Work order » A word-for-word copy of the listing is required, and it must contain no pictures.

Material to process »
BEGIN

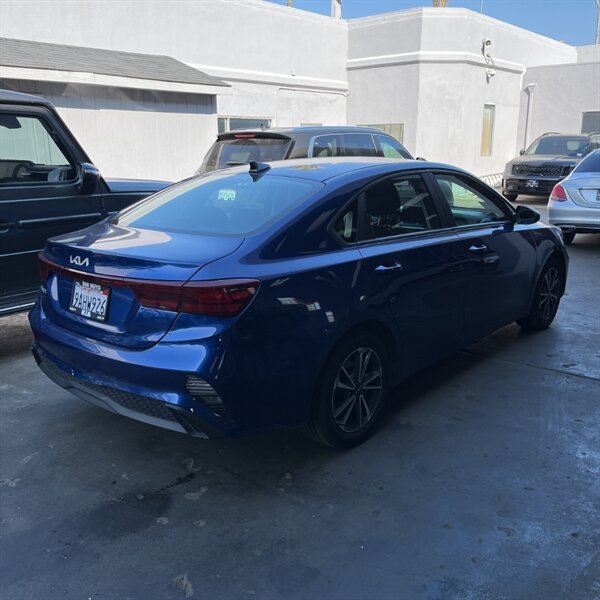 2022 Kia Forte FE   - Photo 4 - Sherman Oaks, CA 91423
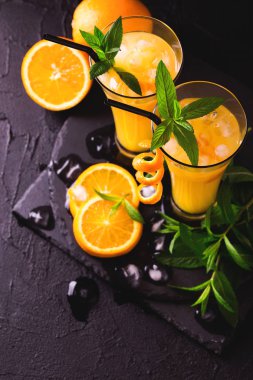 Aperatif votka, portakal suyu ve nane ile. Tornavida kokteyli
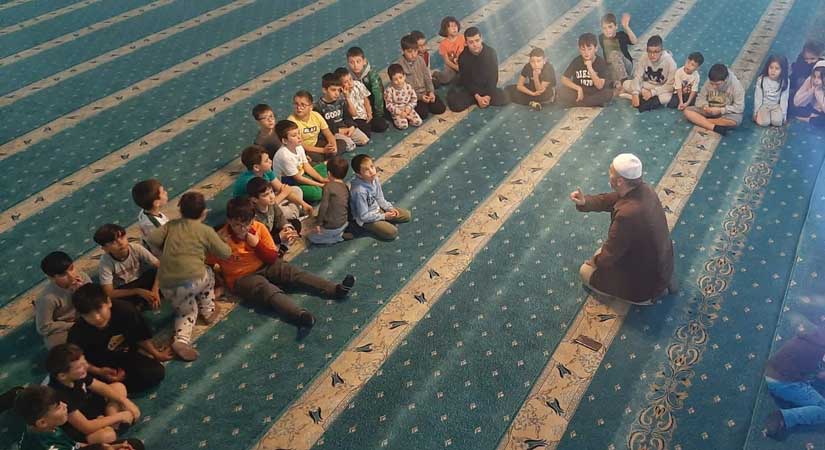 Cami çocuk buluşmaları devam ediyor 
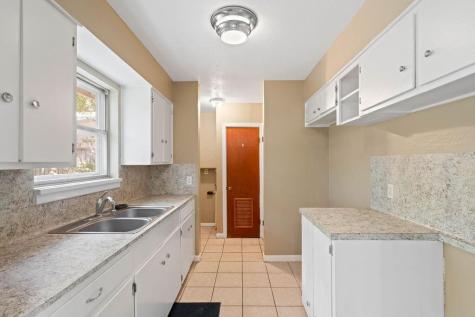 811 W Avenue I Avenue Kingsville TX 78363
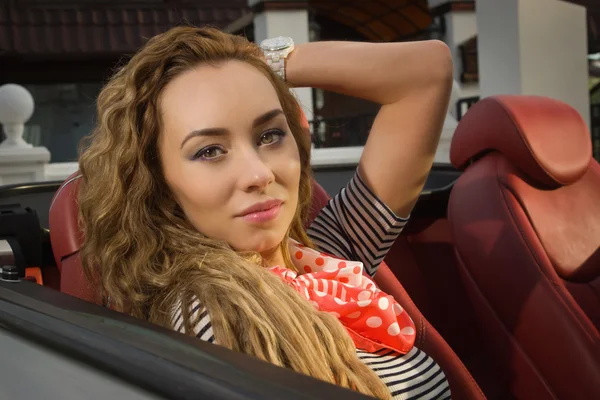 Sensual fashionable woman in a car — Stock Photo, Image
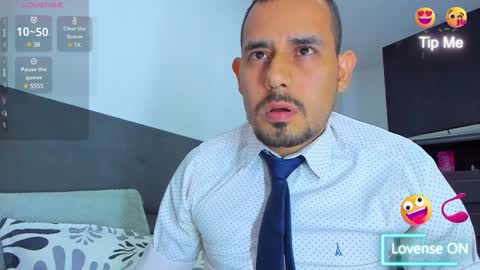 Jhony Alzate online show from January 28, 12:26 am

END

Response to the task »
 2022 Kia Forte FE   - Photo 4 - Sherman Oaks, CA 91423
 Aperatif votka, portakal suyu ve nane ile. Tornavida kokteyli
 Cami çocuk buluşmaları devam ediyor 
 811 W Avenue I Avenue Kingsville TX 78363
 Sensual fashionable woman in a car — Stock Photo, Image
 Jhony Alzate online show from January 28, 12:26 am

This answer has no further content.